* Record extracts *
········

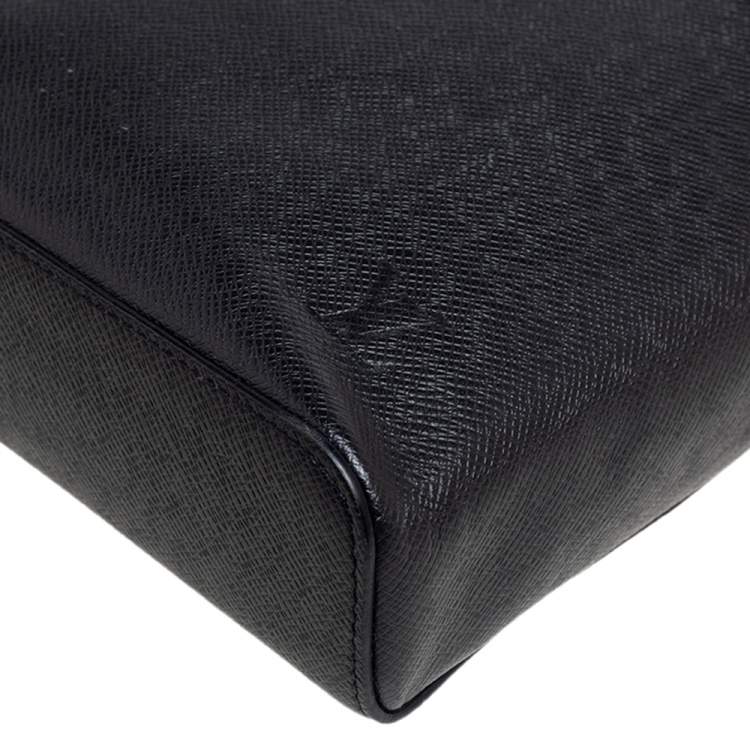 Pre Owned Louis Vuitton Ardoise Taiga Leather Anton Pochette Bag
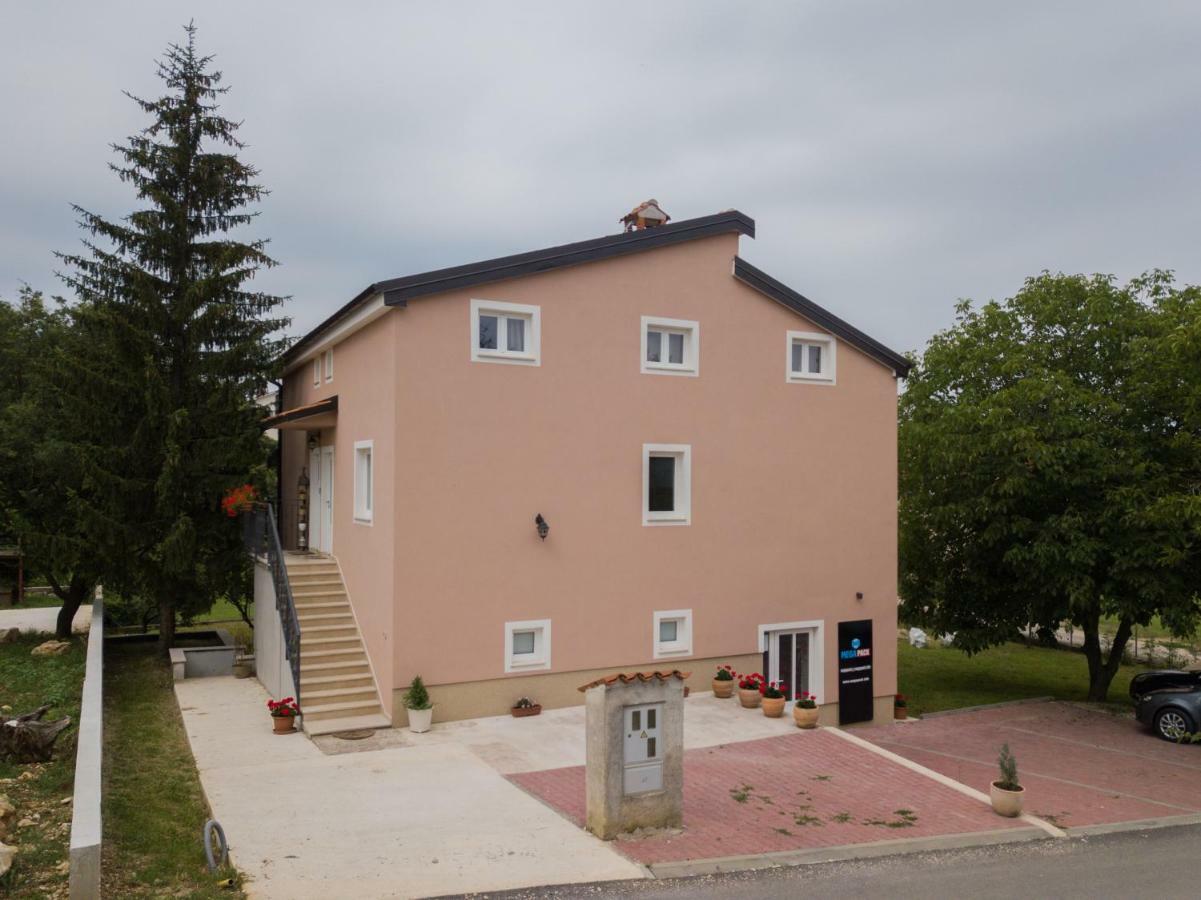 Apartamento Middle Istra Pazin Exterior foto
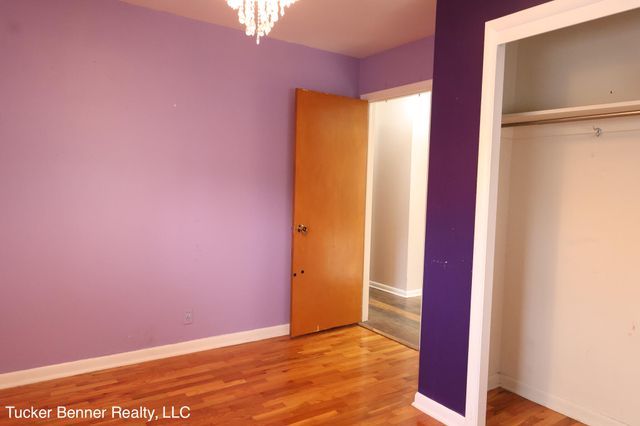 1664 Leif Avenue, Muskegon City, MI 49441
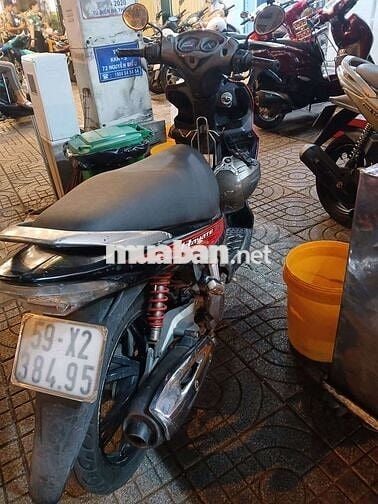 Suzuki Hayate Thể thao màu Đỏ đen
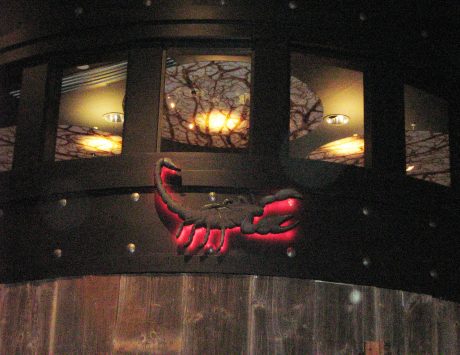 Scorpion Bar Halo Sign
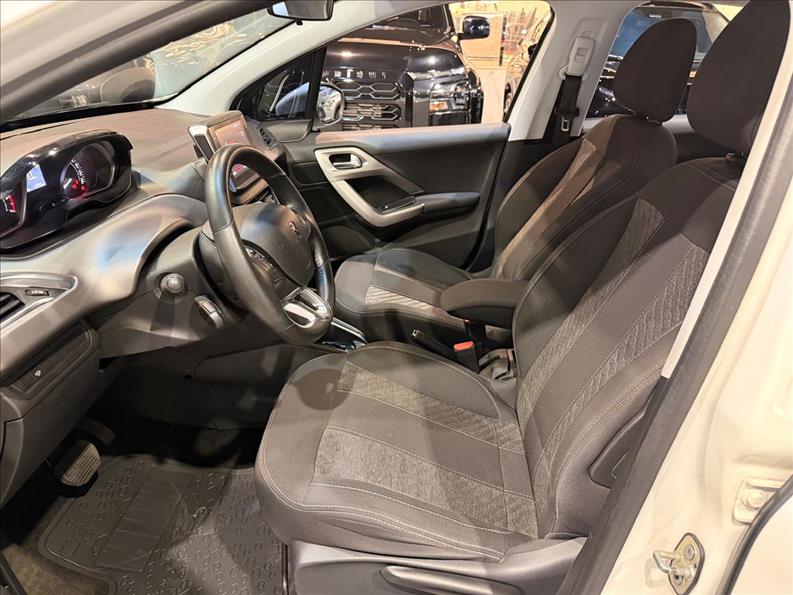  208  1.6 Griffe 16V 8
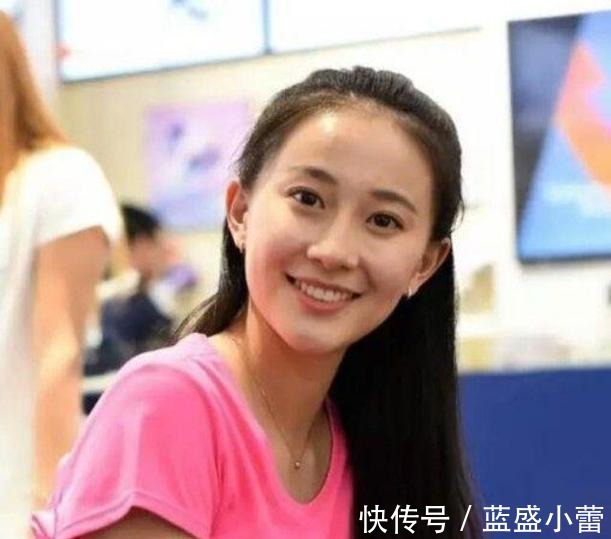 体操运动员|艺术体操女神晒照,自称是假笑少女,梨涡浅笑的她,一字马很吸睛!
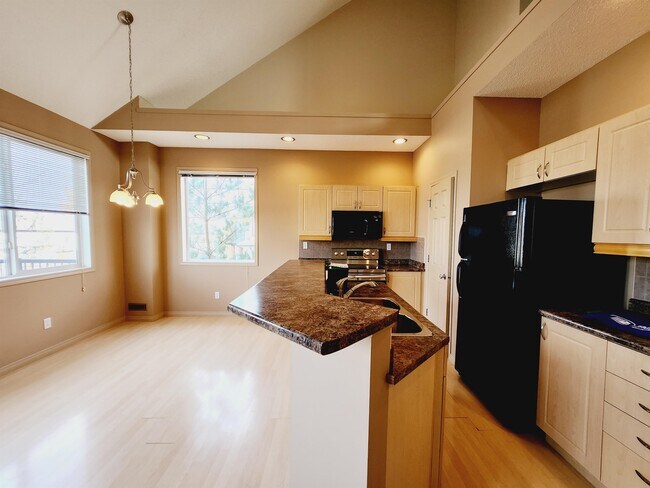 Photo du bâtiment - 4821 Terwillegar Common NW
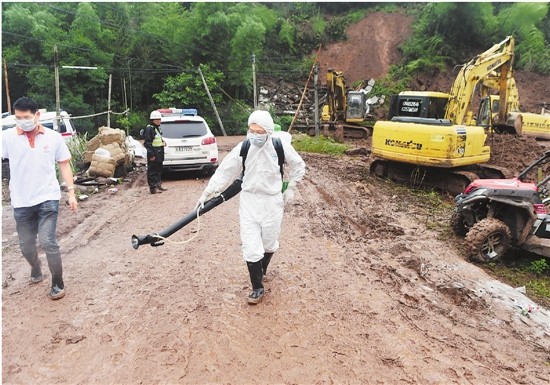 搜救人员找到横路村最后一名失联人员 建德妥善安置受灾群众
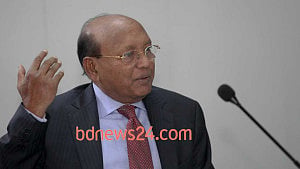 Tofail Ahmed in CCU at Square Hospital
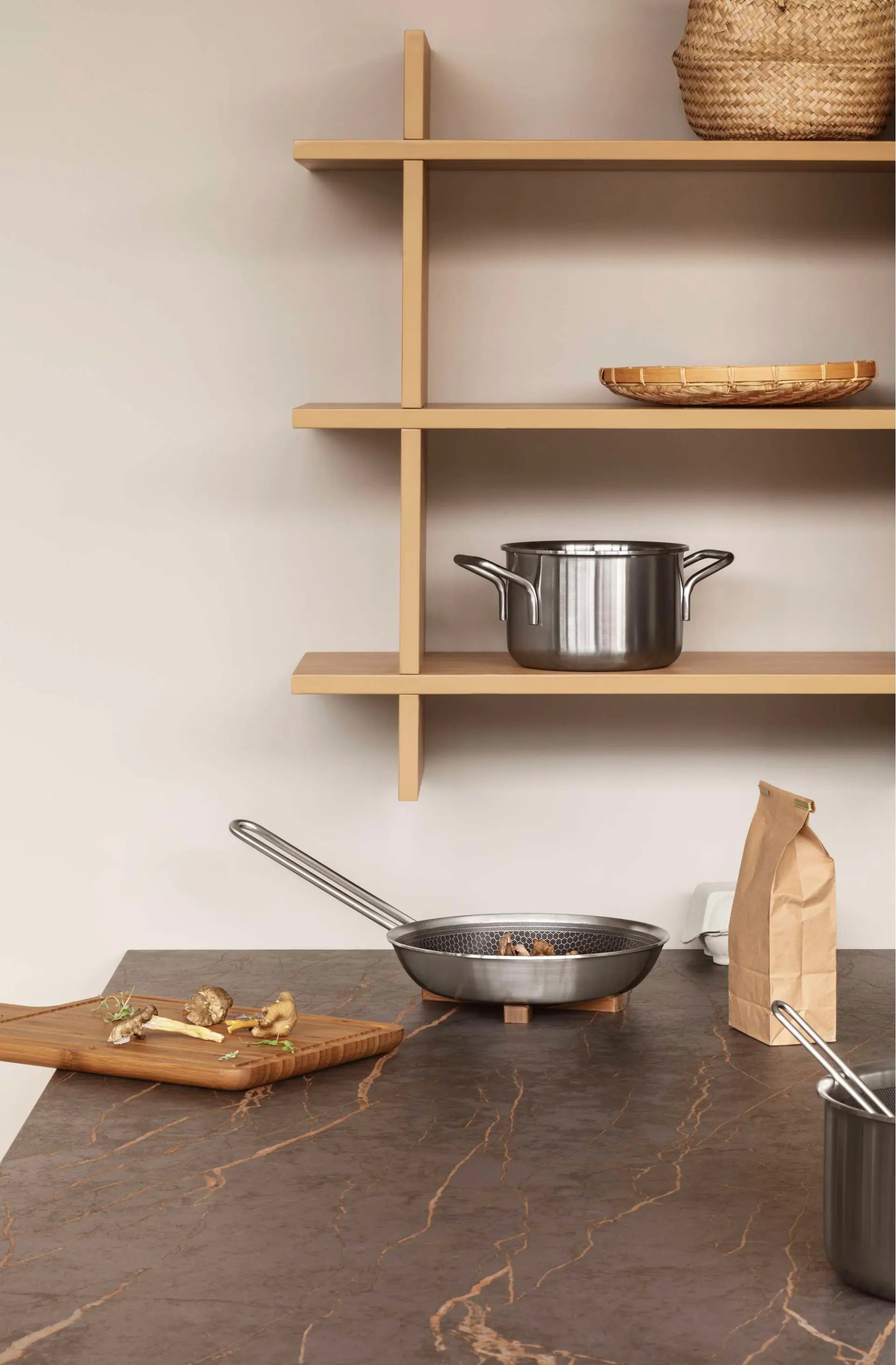 EVA TRIO GRYDE 2,2L/16 CM MULTI MOSAIC KERAMISK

········

* Assignment *
Copy the records above from the first line through the line containing "Tofail Ahmed in CCU at Square Hospital", both included, and leave out any pictures.

* Expected answer *
 Pre Owned Louis Vuitton Ardoise Taiga Leather Anton Pochette Bag
 Apartamento Middle Istra Pazin Exterior foto
 1664 Leif Avenue, Muskegon City, MI 49441
 Suzuki Hayate Thể thao màu Đỏ đen
 Scorpion Bar Halo Sign
  208  1.6 Griffe 16V 8
 体操运动员|艺术体操女神晒照,自称是假笑少女,梨涡浅笑的她,一字马很吸睛!
 Photo du bâtiment - 4821 Terwillegar Common NW
 搜救人员找到横路村最后一名失联人员 建德妥善安置受灾群众
 Tofail Ahmed in CCU at Square Hospital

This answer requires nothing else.